天皇制について その2(明治とは)

この、皇室の問題でくだらないのが、染色体のお話し。そんなことはいいのです。何故ならそんな事を知らない人達が続けてきた伝統だから。今、結果的にそれがわかったとしてもこの場の説得材料にすべきではありません。あくまで外野である学者などの評論材料にすべきです。

さて、Chikirinさんがふれてくれましたが、皇室(朝廷)が今後、どんな時に必要になるでしょう。
では、過去には?

・天皇親政
・天皇を格とした政権(摂関、上皇)
・武家政権(1)、源氏=征夷大将軍
・武家政権(2)、北条=執権
・天皇親政を企む(後醍醐天皇)
・武家政権(3)、豊臣=関白
・武家政権(4)、徳川=征夷大将軍

体制がさまざまに変わっても、為政者を朝廷が任命する形(太字)だけは続いてきているのです。(ちなみに、平安時代や南北朝の前後はめんどくさいので少しはぶいてます。)

さて、明治時代は
・天皇を巻き込んだ軍事政権
つまり、天皇を中心とした勢力がつくりあげた政権でなく。ある時天皇を巻き込んだ政権なのです。

司馬史観というものがあります。司馬遼太郎の考え方で、すごく簡単に書くと、
「明治維新は素晴らしい、開国から日露戦争までの日本人は非常に高く評価できる、ただしそれ以降一時慢心し、昭和になってからの十数年間、日本人はおかしくなり、あの愚かな戦争に突入した」
というものです。
後半はさておき、明治を高く評価しています。彼の作品でもそれは顕著です。

ところが、明治維新を考えると、政権的にはただ徳川を廃し(それでも家は残した)、薩摩、長州、土佐の下級侍と公家の一部が天皇を巻き込んだあらたな政権を作ったにすぎません。

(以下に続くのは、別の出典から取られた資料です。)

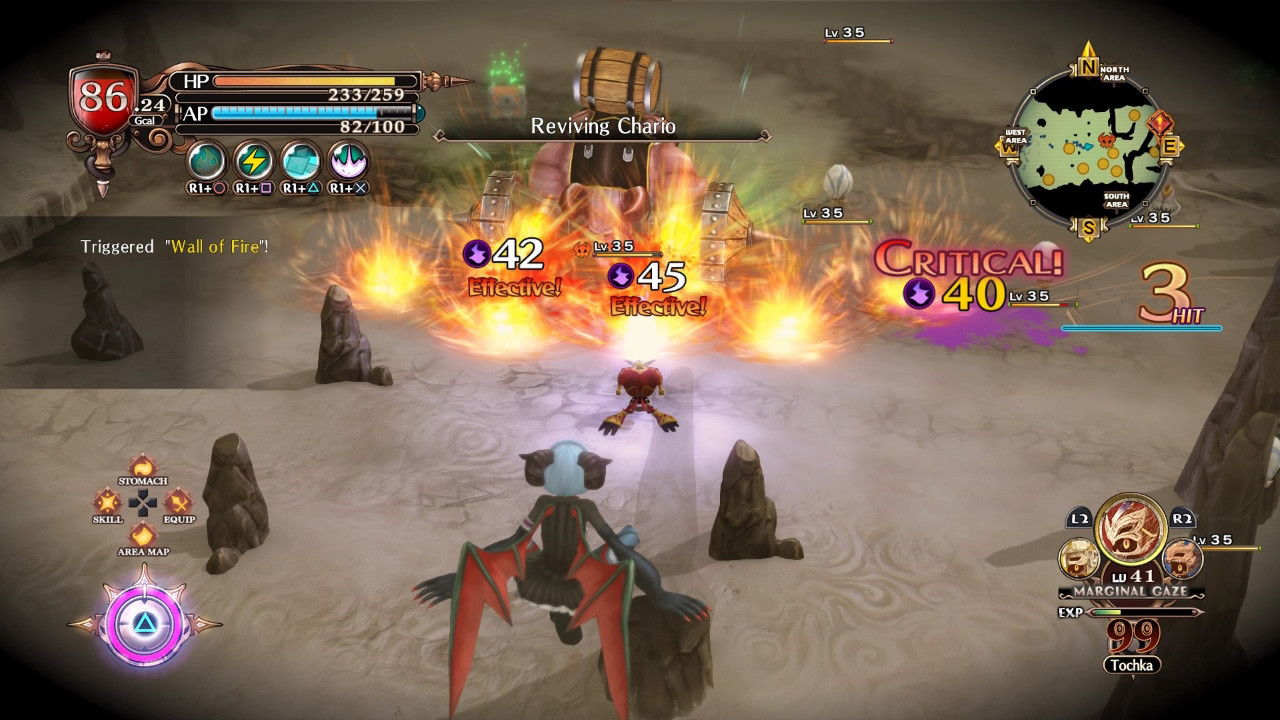 The Witch and the Hundred Knight 2 - кадр 3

決して天皇親政には戻っていません。

そこに、泥縄的に国家神道を造りあげました。靖国神社というまるで伝統のない神社はその産物です。

天皇家がかってから望んでいたものではなく、まるで新しいもの(過去の京都の朝廷にはないもの)に座らせ、しかもそれは徳川を追い出した居城で、そこに朝廷の作法を組み合わせそれらしくしたのが明治の天皇家です。

非常に荒っぽいですが、明治とはこうだと私は思います。